> STORED DATA
- - -
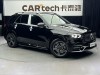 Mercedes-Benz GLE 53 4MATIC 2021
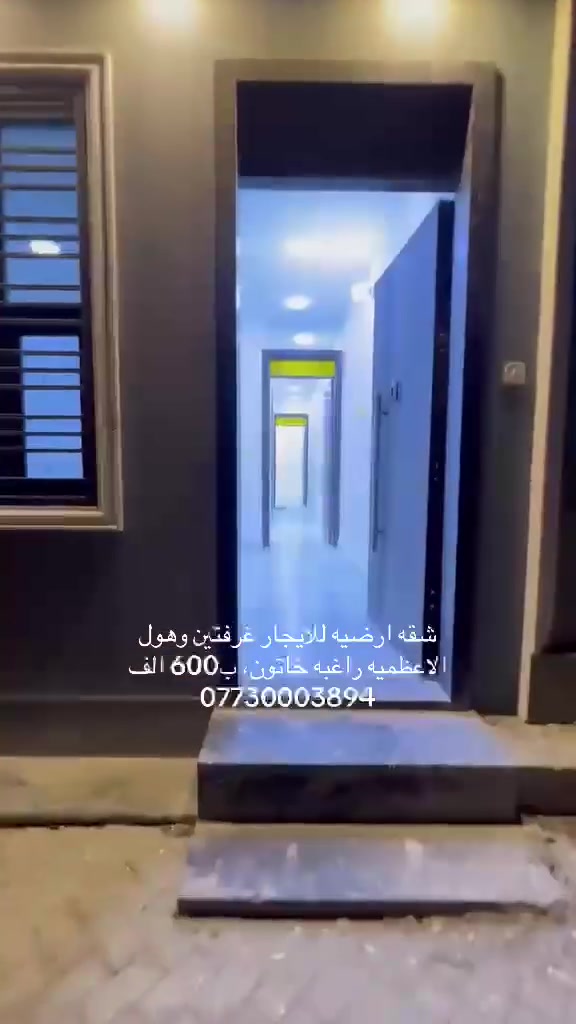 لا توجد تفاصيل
- - -
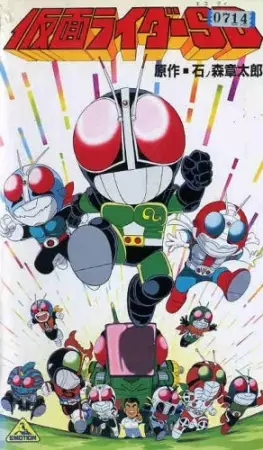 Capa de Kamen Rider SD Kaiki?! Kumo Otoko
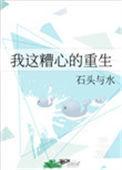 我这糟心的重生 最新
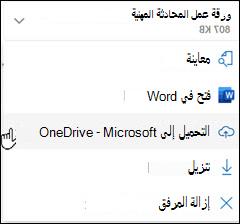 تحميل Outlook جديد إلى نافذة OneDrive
- - -
> WHAT YOU SHOULD DO
The material above holds pictures; leave them out and set down exactly the lines from the line with "Capa de Kamen Rider SD Kaiki?! Kumo Otoko" to the line with "تحميل Outlook جديد إلى نافذة OneDrive", both included.

> RESPONSE TO THE TASK
 Capa de Kamen Rider SD Kaiki?! Kumo Otoko
 我这糟心的重生 最新
 تحميل Outlook جديد إلى نافذة OneDrive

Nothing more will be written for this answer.